The Spurs are afraid of the Suns...:rotf: Get real!!!


----------



## Cam*Ron (Apr 13, 2003)

Emanuel Ginobili 
San Antonio Spurs 
Position: G 
Height: 6-6 Weight: 210 
From: Argentina 

2002-03 Statistics 
PPG 7.6 
RPG 2.3 
APG 2.0 
SPG 1.41 
BPG .25 
FG% .438 
FT% .734 
3P% .340 
MPG 20.9 

Joe Johnson 
Phoenix Suns 
Position: G
Height: 6-7 Weight: 235 
College: Arkansas '01 

2002-03 Statistics 
PPG 9.5 
RPG 3.2 
APG 2.5 
SPG .75 
BPG .24 
FG% .388 
FT% .783 
3P% .365 
MPG 27.4 


dont tell me gi*NO*bili is better than joe


----------



## rocketeer (Oct 7, 2002)

> Originally posted by <b>Bunk 22</b>!
> Emanuel Ginobili
> San Antonio Spurs
> Position: G
> ...


yes ginobilli is better than joe johnson. it's not just about stats. and if you want to look at stats, joe johnson has 7 more minutes per game. with these extra minutes, he still has only 2 more points, 1 more rebound, and half an assist more than ginobilli. and he has .75 of a steal less and the same ammount of blocks. their stats are way too similar for you to use them to say johnson is better. i think ginobilli is better but i guess it could be called even. and the spurs are still better.


----------



## BEEZ (Jun 12, 2002)

> Originally posted by <b>Bunk 22</b>!
> Emanuel Ginobili
> San Antonio Spurs
> Position: G
> ...


according to this.
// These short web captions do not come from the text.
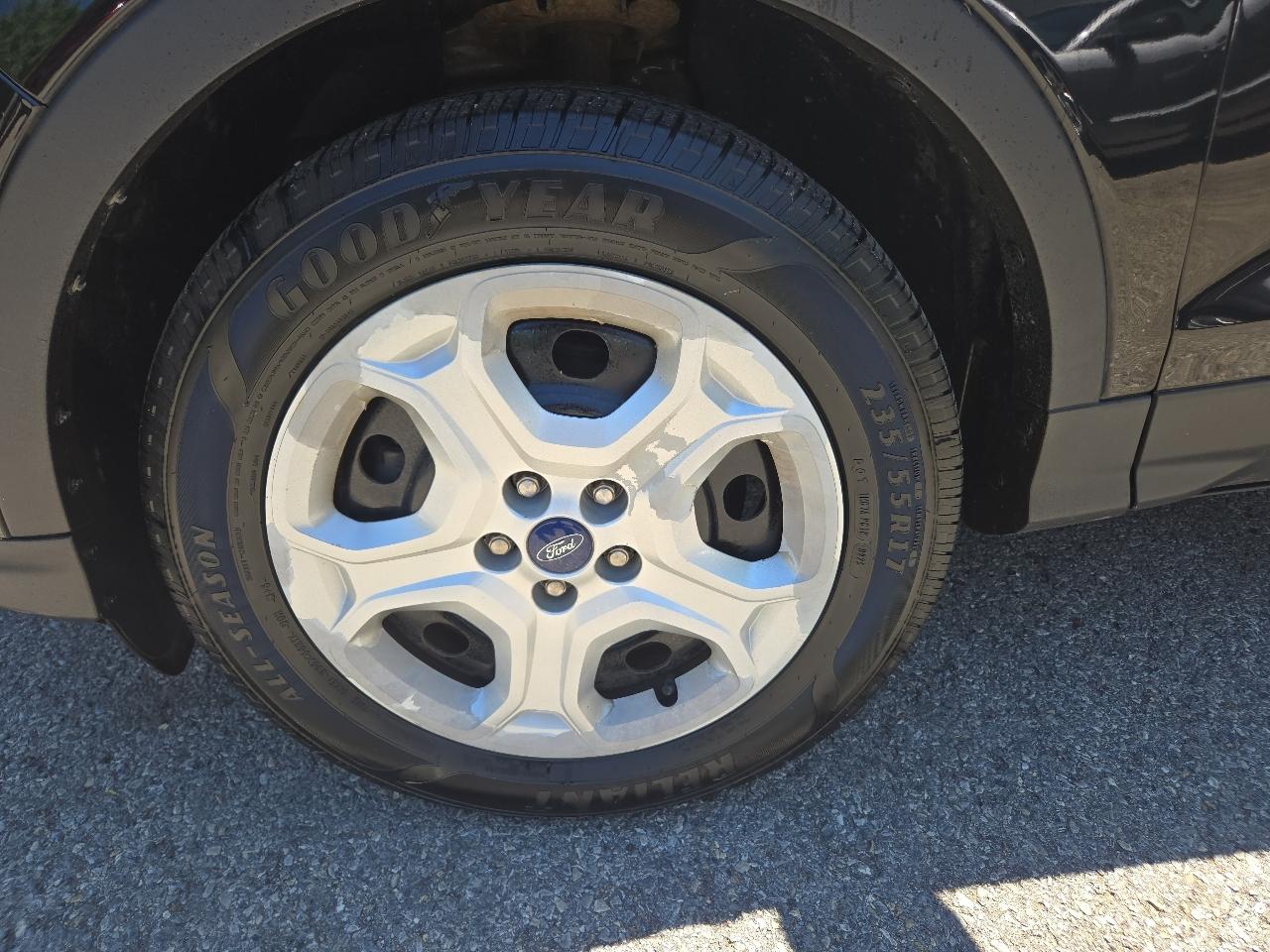 Ford Escape S FWD 2017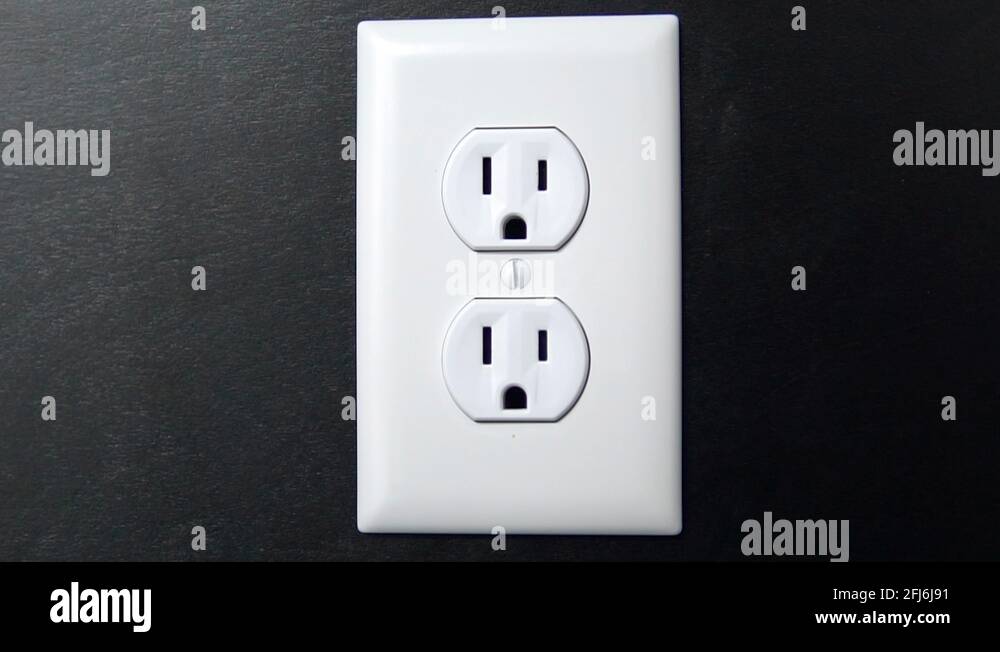 Electric light socket wall red Stock Videos & Footage HD and 4K Video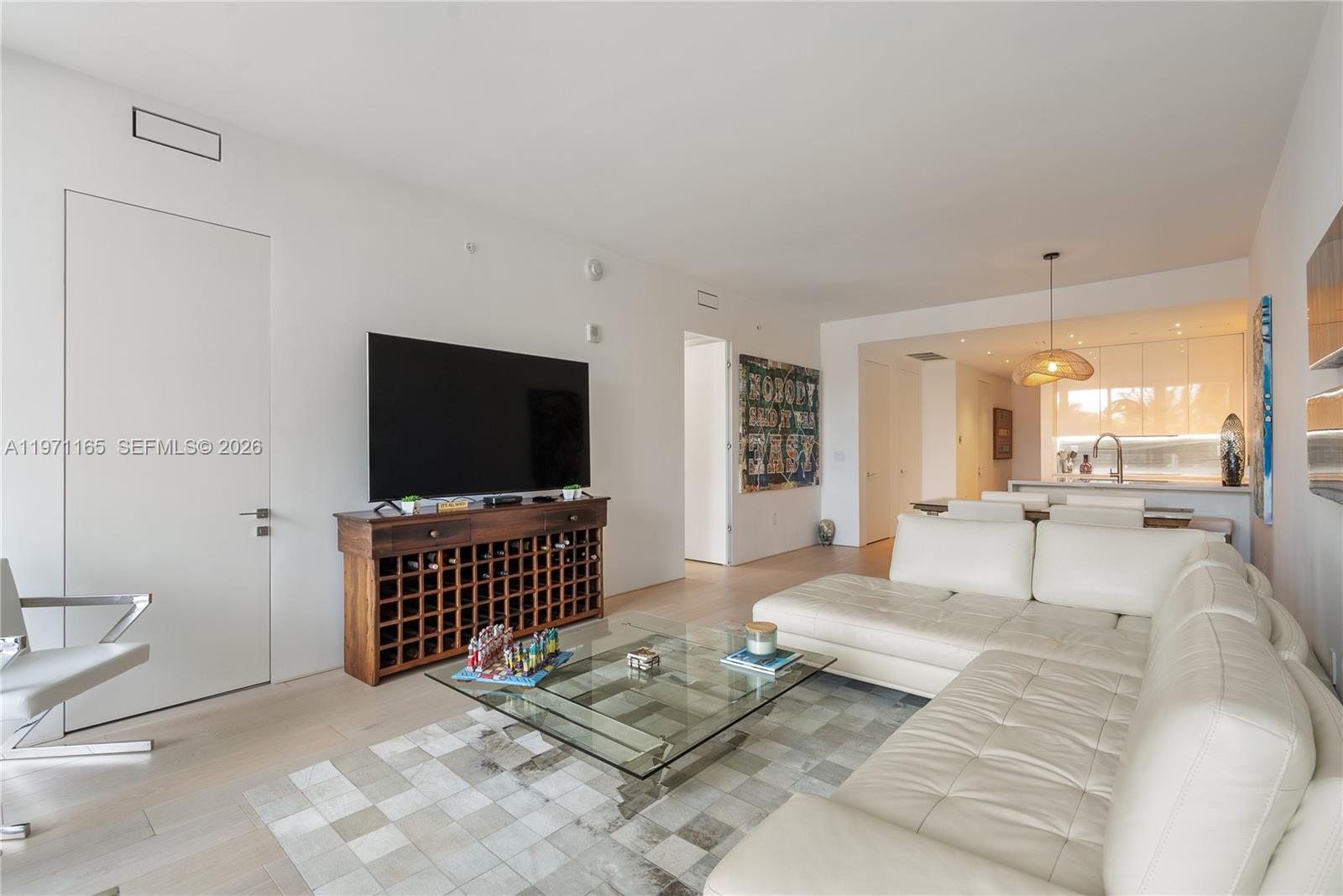 MAREA CONDO - Residential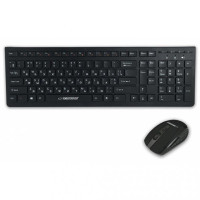 Esperanza EK136 Tacoma Black (EK136UA)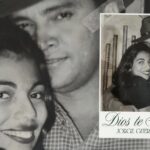 El Guerrero del Folklore canta “Dios te Guarde“ Jorge Guerrero - El Guerrero del Folklore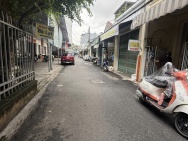 SIÊU PHẨM SƠN TRÀ NHÀ 3 TẦNG CỰC KỲ ĐẸP - KIỆT 5M  2 Ô TÔ TRÁNH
Give more minutes Ginoboli would produce the same if not more than Johnson


----------



## chapi (Apr 4, 2003)

suns have no chance against spurs
spurs in 5
outlav vs robinson even? come on robinson is way better
duncan is better than amare
marbury is better than parker 
the rest is almost even
Spurs more expierience...


----------



## BEEZ (Jun 12, 2002)

> Originally posted by <b>chapi</b>!
> suns have no chance against spurs
> spurs in 5
> outlav vs robinson even? come on robinson is way better
> ...


I think the X factor in this series is going to be what Shawn Marion does


----------



## MightyReds2020 (Jul 19, 2002)

C'mon folks don't get too carried away with the regular season results. It's a complete different stories in the playoffs. I hope the Suns play well but they'd be glad to take 2 games from Spurs, no more!


----------



## TheRifleman (May 20, 2002)

*Re: lets do the matchups..*



> Originally posted by <b>grizzoistight</b>!
> PG
> Stephon vs Parker - Adv Stephon
> SG
> ...



PG 
Stephon vs Parker - Adv Stephon<b><u>/Suns</b></u>
SG
Penny vs Stephen Jackson Adv Jackson<b>/Spurs</b>
SF
Matrix vs bruce bowen ADV MAtrix<b><u> /Suns</b></u>
PF
Amare vs tim Adv Tim <b>/Spurs</b>
C
David Robinson vs outlaw ADv </b> :Even </b>

6th man 
Joe johnson vs ginnobli adv Ginnobili <b>/Spurs</b>


----------



## Nikihotgirl (Apr 13, 2003)

I'm a lakers fan and brought out the fact about suns wining the season series 3-1. I have a question to ask: If the spurs are not afraid of the suns, why should the lakers be afraid of the spurs?


----------



## TheRifleman (May 20, 2002)

> Originally posted by <b>Bunk 22</b>!
> Emanuel Ginobili
> San Antonio Spurs
> Position: G
> ...



Simple math between the two will show you that Joe does not have the edge over Gino because he plays MORE minutes than Gino does. Plus, as some think Kobe is aggressive, so subjectively I also think Joe is less aggressive than Gino. So, an ever so slight advantage goes to Gino, IMHO.


----------



## Raptor Fan 42 (Sep 20, 2002)

I wouldn't say they're afraid, but they're aware that the Suns are going to be a huge challenge. It'll probably go at least 6 games.


----------



## RapsFan (Feb 4, 2003)

Spurs' Duncan, Jackson placed on injured list 


April 16, 2003
SAN ANTONIO (AP) -- The Spurs put Tim Duncan and Stephen Jackson on the injured list Wednesday before their regular-season finale against the Mavericks. 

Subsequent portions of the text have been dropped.